Commenting on his new role, Professor Botton states:

“I’m really looking forward to leading and contributing to the world-class science that Diamond, its people, and users already deliver. It is a really exciting time for science with Diamond-II just around the corner as it will offer the scientific community in academia and industry a huge range of new opportunities to perform the science required to tackle the biggest challenges humanity faces, from climate change to future pandemics. All this, whilst continuing to provide the most internationally competitive infrastructure to develop new materials, new therapies and the technologies for a more sustainable future.”

Prior to joining the Canadian Light Source, Gianluigi established the Canadian Centre for Electron Microscopy (CCEM), a national facility for ultrahigh resolution microscopy as the Scientific Director from the start of operations in 2008 until 2019.

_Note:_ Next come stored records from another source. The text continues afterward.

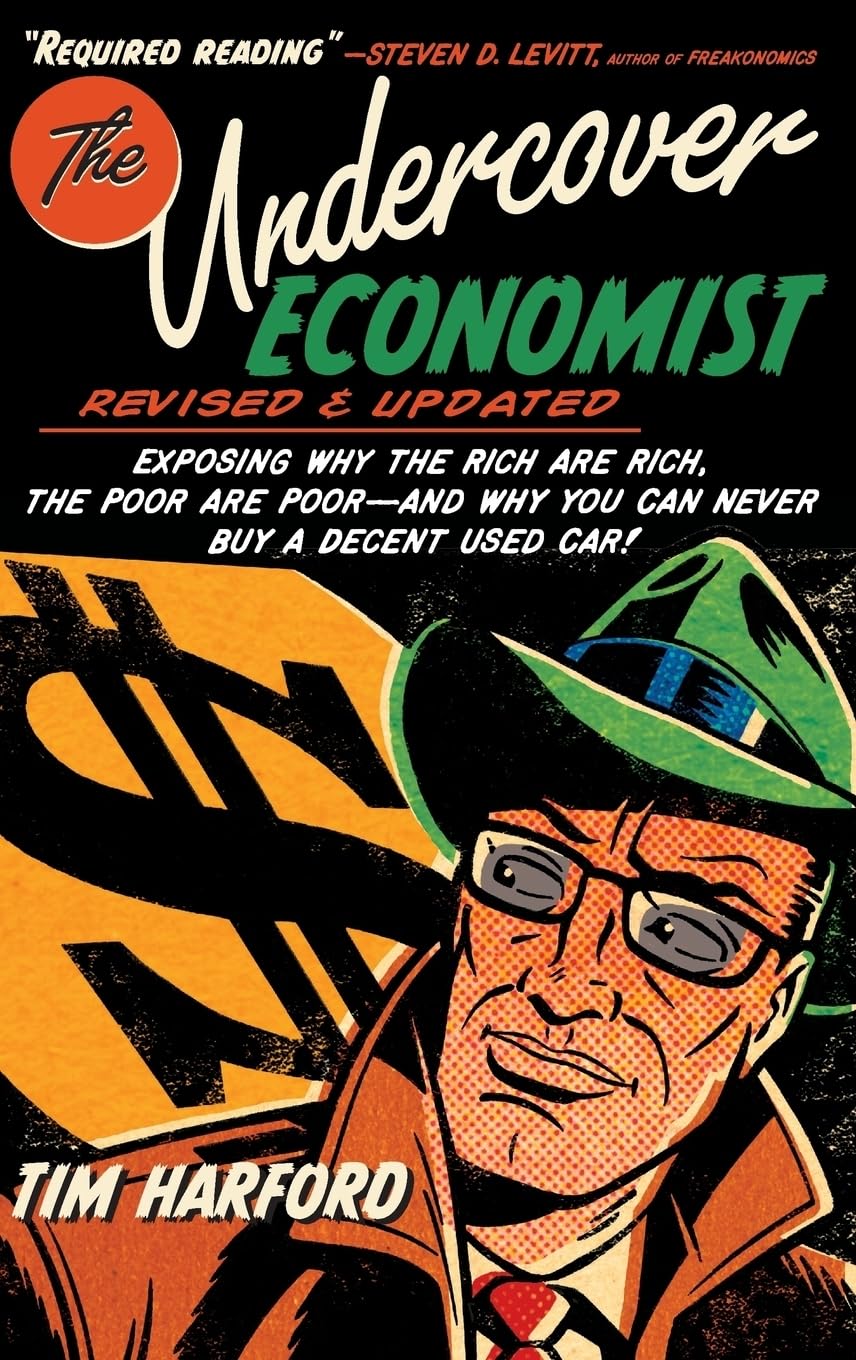 The Undercover Economist: Exposing Why the Rich Are Rich, the Poor Are Poor - And Why You Can Never Buy a Decent Used Car! Business, Finance & Career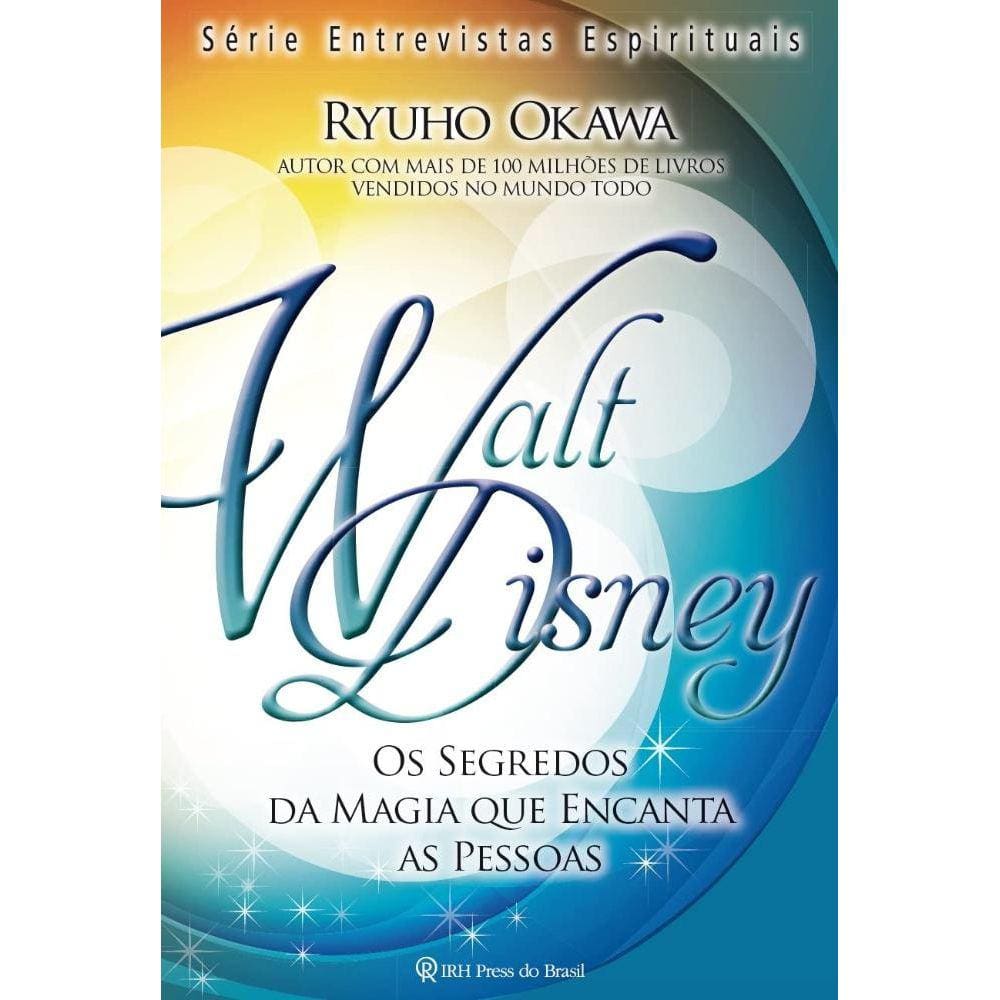 Walt Disney - os Segredos da Magia Que Encanta as Pessoas
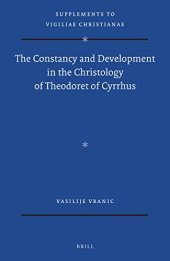 book The Constancy and Development in the Christology of Theodoret of Cyrrhus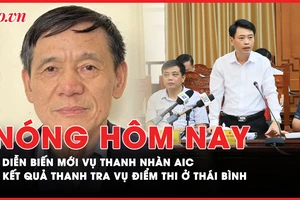 Nóng hôm nay: Vụ AIC, chi tiền tỉ làm 'quà nghỉ hưu' cho Bí thư Tỉnh ủy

Gianluigi is also Professor in the Department of Materials Science and Engineering at McMaster University where he currently holds a Tier 1 Canada Research Chair in Electron Microscopy of Nanoscale Materials. Professor Botton earned a PhD in materials engineering from École Polytechnique de Montréal and has held positions as both an NSERC Post-doctoral Fellow and senior research associate at Cambridge University in England where he spent 5 years. He has also served as a research scientist with Natural Resources Canada.




For further information: please contact Diamond Communications: Lorna Campbell +44 7836 625999 or Isabelle Boscaro-Clarke +44 1235 778130 Diamond Light Source: Twitter: @DiamondLightSou

Diamond Light Source: works like a giant microscope, harnessing the power of electrons to produce bright light that scientists can use to study anything from fossils to jet engines to viruses and vaccines. The machine accelerates electrons to near light speeds so that they give off light ten billion times brighter than the sun. These bright beams are then directed off into laboratories known as ‘beamlines.’ Here, scientists use the light to study a vast range of subject matter, from new medicines and treatments for disease to innovative engineering and cutting-edge technology. Whether it’s fragments of ancient paintings or unknown virus structures, at the synchrotron, scientists can study their samples using a machine that is 10,000 times more powerful than a traditional microscope.

More information on Diamond-II :

A new generation of Lightsource: The proposed Diamond-II new machine lattice will be based on Double Triple Bend Achromats (DTBAs). This means an increased brightness and coherence of a factor of up to 70 and provides mid-section straights to retain and enhance all beamlines on bending magnets while offering additional sources for five new beamlines. This design increases the electron beam energy from 3.0 to 3.5 GeV providing greatly increased photon flux at higher photon energies.

To match the extraordinary gains offered by the Diamond-II machine there will be a major renewal and upgrade of existing beamline technologies to meet the new scientific demands. Diamond-II will see enhancements in beam quality and beam stability through new X-ray optics and instrumentation, state-of-the-art sample delivery, and manipulation through the development of optimised sample environments and scientific software solutions that meet the beamline demands for the acquisition, visualization, and analysis of data.